"""

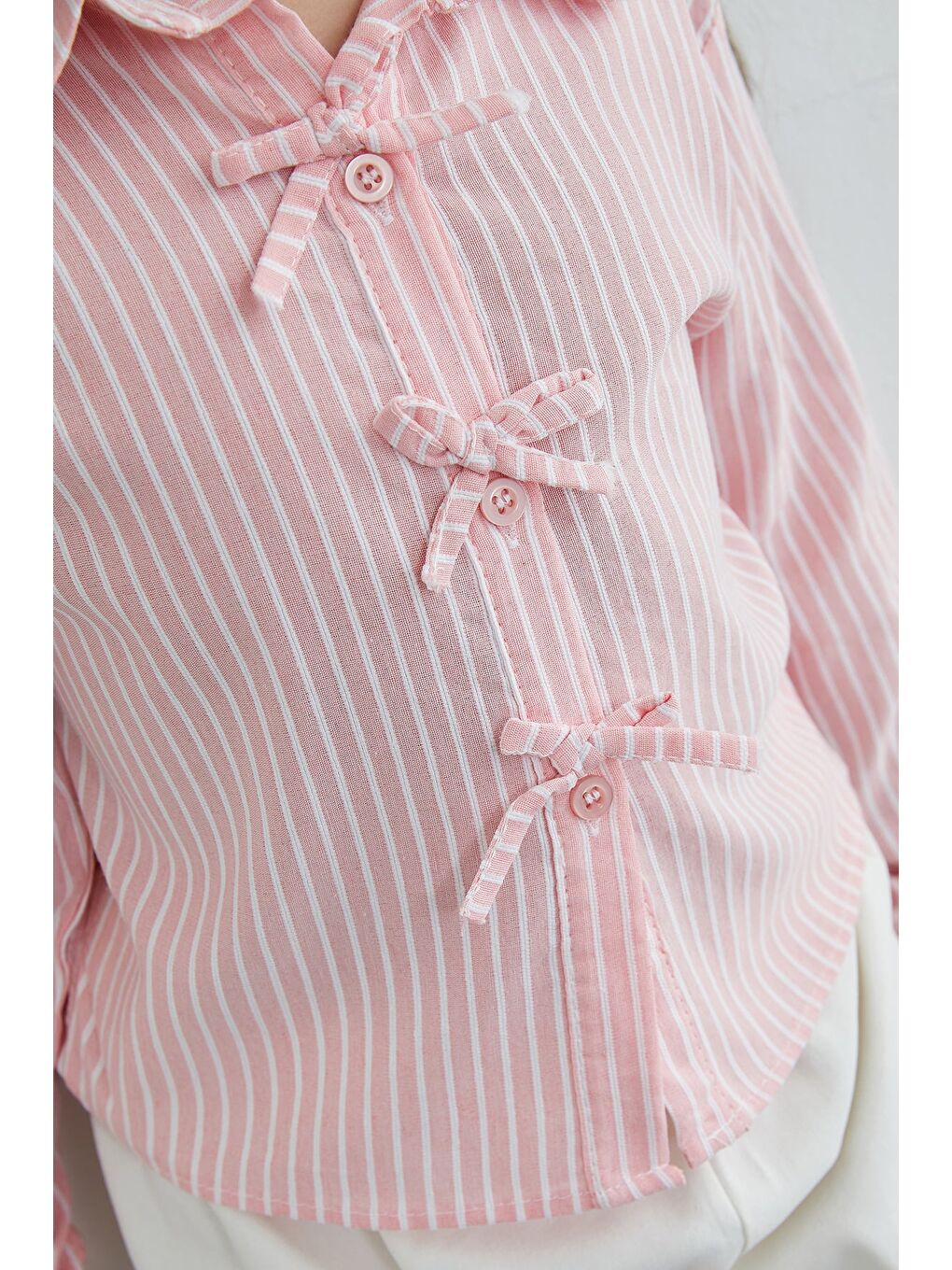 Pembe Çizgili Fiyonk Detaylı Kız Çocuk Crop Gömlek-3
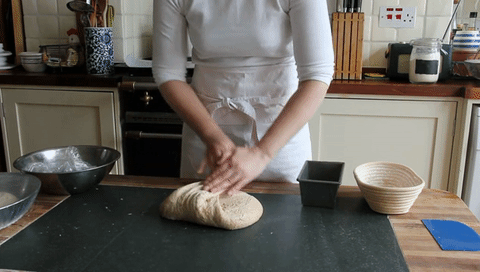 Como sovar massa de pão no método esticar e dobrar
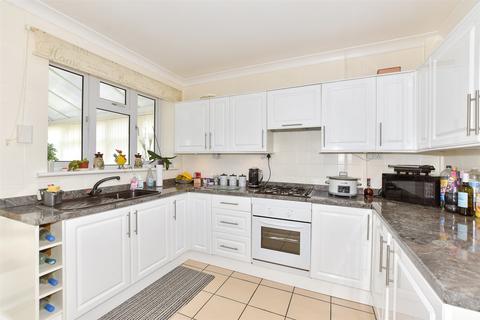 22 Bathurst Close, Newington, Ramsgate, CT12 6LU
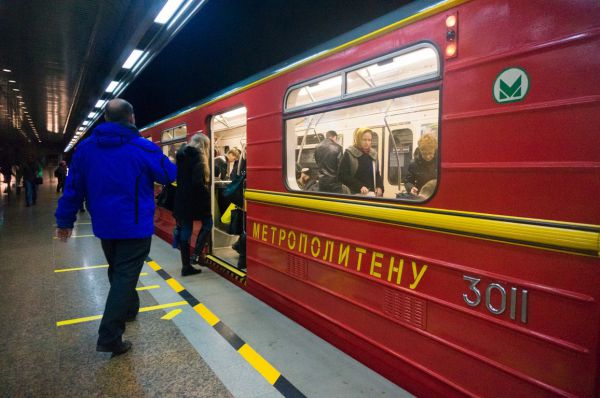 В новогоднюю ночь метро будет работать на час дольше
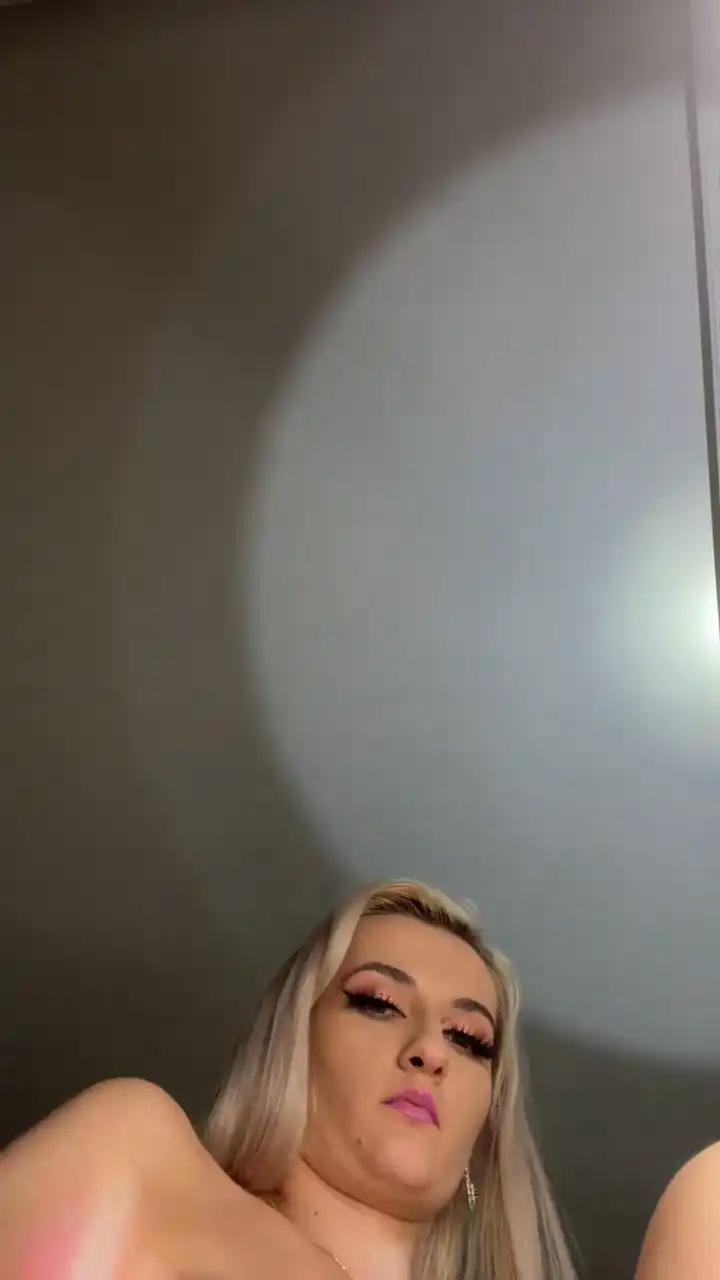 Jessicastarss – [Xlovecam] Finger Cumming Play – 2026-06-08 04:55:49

"""

▶ **Problem description**: Retype each line above exactly and leave out any picture.

▶ **Written response**:
 Pembe Çizgili Fiyonk Detaylı Kız Çocuk Crop Gömlek-3
 Como sovar massa de pão no método esticar e dobrar
 22 Bathurst Close, Newington, Ramsgate, CT12 6LU
 В новогоднюю ночь метро будет работать на час дольше
 Jessicastarss – [Xlovecam] Finger Cumming Play – 2026-06-08 04:55:49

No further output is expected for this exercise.